But unlike insurance for automobiles, not everybody needs to take out PMI. Rather, the requirement for mortgage insurance is saved for borrowers who fail to put at least 20 percent down when acquiring their home loan. For those who don’t have 20 percent, or for those who like to forego the down payment, opting for PMI will still allow them to obtain a home ownership.


A Costly Decision


But the decision to willingly take out PMI is not one to be taken lightly because this type of security comes at a hefty price. The cost of PMI ranges, but is typically around 1 percent of the entire loan’s amount every single year. That means on a $200,000 home mortgage loan, a borrower can expect to pay out an additional $2,000 a year on PMI.


That $2,000 goes straight to the insurance company and does nothing for the balance of the home loan. Assuming this is a 30-year fixed rate mortgage, the borrower would pay out $60,000 in insurance payments over the loan’s lifetime.


Now consider a borrower who saved for a 20 percent down payment on this $200,000 home loan. He or she would put down $40,000, but be exempt from the PMI requirement. What may look like a $20,000 savings is actually a full $60,000 savings, since the down payment goes towards the balance of the home loan, whereas the $60,000 spent on PMI does not go towards the balance of the mortgage at all.

How to Avoid PMI


While 20 percent down can often take a long time to save up, it may be prudent for a prospective property buyer to wait it out. Or, if the bank of mom and dad is open for business, approach them for a little bit of help.

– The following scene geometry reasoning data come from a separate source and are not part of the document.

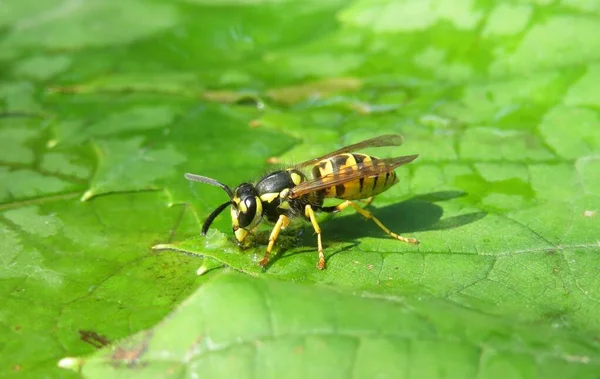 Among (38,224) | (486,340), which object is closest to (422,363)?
→ (486,340)

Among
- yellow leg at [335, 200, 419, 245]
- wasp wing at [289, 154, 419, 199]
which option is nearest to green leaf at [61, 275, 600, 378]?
yellow leg at [335, 200, 419, 245]

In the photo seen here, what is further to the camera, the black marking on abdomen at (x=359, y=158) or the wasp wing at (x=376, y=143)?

If that option isn’t available, a piggy-back arrangement may be considered. Piggy-backing refers to the practice of taking out multiple mortgage loans in order to satisfy the cost of one property. A borrower would enter what is known as an “80/10/10” agreement, wherein a first loan is taken out for 80 percent of the property’s value, a second “piggy-back” loan is taken out for 10 percent, and the remaining 10 percent is satisfied in the form of a cash down payment. Combining the 10 percent down payment with the money derived from the piggy-back loan allows the borrower to hit the required 20 percent down payment, and subsequently avoid the necessity for PMI.